The firm says 800 km of existing seismic on the 970 sq km block indicate a number of prospects. The minimum work commitment in an initial, 3-year period includes reprocessing existing seismic, acquiring 200 km of 2D and 100 km of 3D seismic, and drilling two explora- tion wells at a cost of $18 million. A second period will cost an estimated $13 million and calls for 50 km of 2D seismic and two more exploration wells. The basin's geological features include two "world-class" mature source rocks; a stacked succession of porous sandstone reservoirs, folded and faulted into hydrocarbon traps; and an overlying blanket of impermeable shales and evaporites acting as a "super-seal" to oil and gas migration, says FCP.
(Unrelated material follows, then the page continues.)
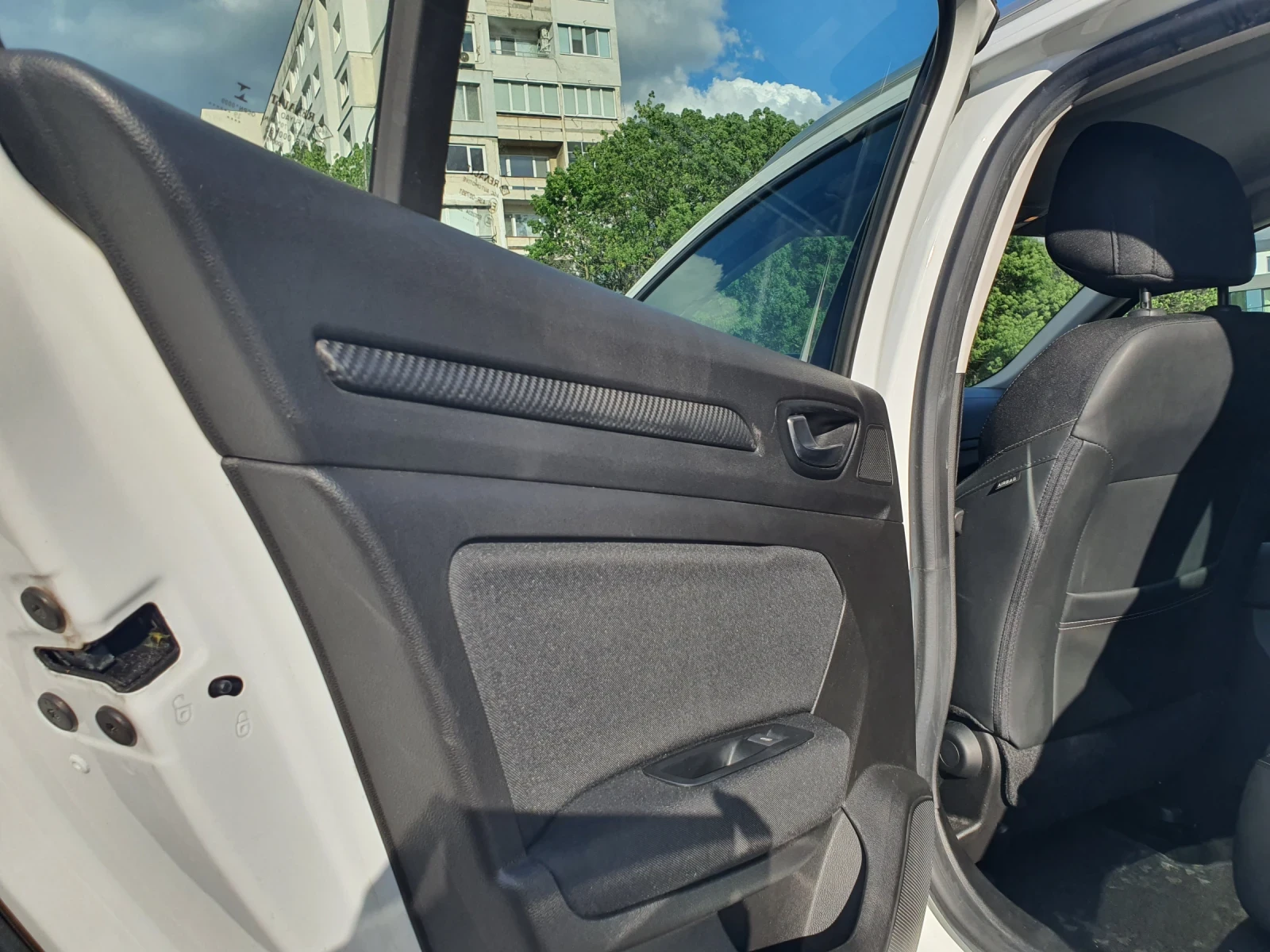 Renault Megane 1.5 DCI 116, снимка 7 - Автомобили и джипове - 54710092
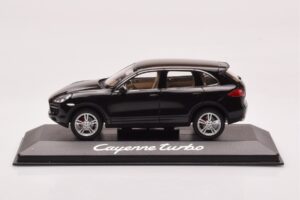 Porsche Cayenne 92A Turbo Must Minichamps 1:43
Meanwhile, BHP committed $316 million (Aus.) toward development of five oil fields in the Rhourde Oulad Djemma (ROD) field area of Algeria's Berkine basin. Total cost of the project is $830 million (Aus.). Other interest holders are Agip and Sonatrach. The fields have total proven and probable reserves of 300 million bbl of sweet, paraffinic crude that yields good middle distillates, says BHP. They are ROD, Sif Fatima North East, Rhourde Er Rouni North, Bir Sif Fatima, and Rhourde Debdada.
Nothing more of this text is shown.